Pour cela, un Codir doit aussi être ADAPTÉ. Il n’est pas interdit de réfléchir intelligemment à la constitution de son Codir, ni d’imaginer que le casting puisse changer en fonction du projet d’entreprise et des priorités fixées. Il n’est en revanche jamais bon de mettre quelqu’un au Codir parce que « son prédécesseur y était », que « tout le monde fait comme ça » ou que, fin du fin, « je ne peux pas ne pas le/la mettre au Codir ». Bien sûr, la dimension humaine est importante et certains seraient choqués d’être sortis du Codir. Cela s’accompagne, et s’accompagne bien mieux si chacun sait quelle est sa place, sa contribution au projet d’entreprise.
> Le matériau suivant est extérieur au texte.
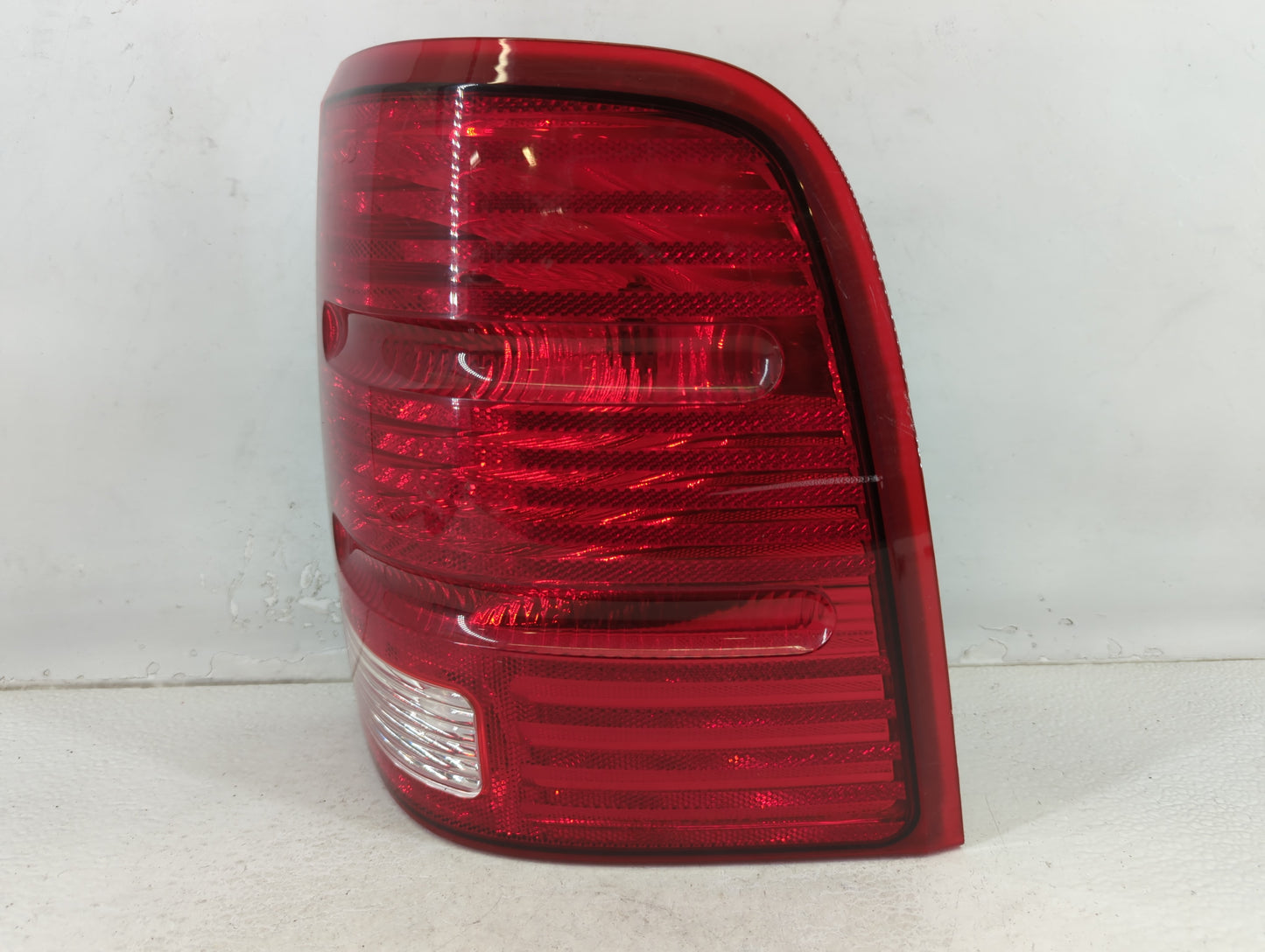 2002-2005 Ford Explorer Tail Light Assembly Passenger Right OEM P/N:1L2X-13B504-B Fits Fits 2002 2003 2004 2005 OEM Used Aut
Pour ceux qui sont au Codir, leur participation doit enfin être COÛTEUSE, l’inverse d’une place honorifique pour managers en quête de médailles ou de galons. Par les sujets qu’ils animent, par la responsabilité qu’ils doivent assumer sur les décisions stratégiques, par les messages qu’ils doivent porter aux équipes (la leur et les autres), par le niveau d’exigence du directeur sur leur production individuelle, la présence au Codir doit être en elle-même un challenge.

Posez-vous la question : les membres de mon Codir sont-ils concentrés, en tension (pas forcément sous pression) au début d’une réunion Codir ? Si ce n’est pas le cas, c’est que leur participation n’est pas assez engageante. 


C’est la raison pour laquelle nous comparons souvent un Codir à la table ronde du roi Arthur : tout ceux qui ont une place à la table ont un rôle à jouer, chacun s’exprime sur les sujets de tous, sans problème de légitimité. Les places de chacun ne sont pas immuables (il y a plus de chevaliers éligibles que de places). Chacun a des dragons à combattre pour justifier son rang. Et bien sûr, chacun et tous sont tendus vers un même objectif, la quête du graal.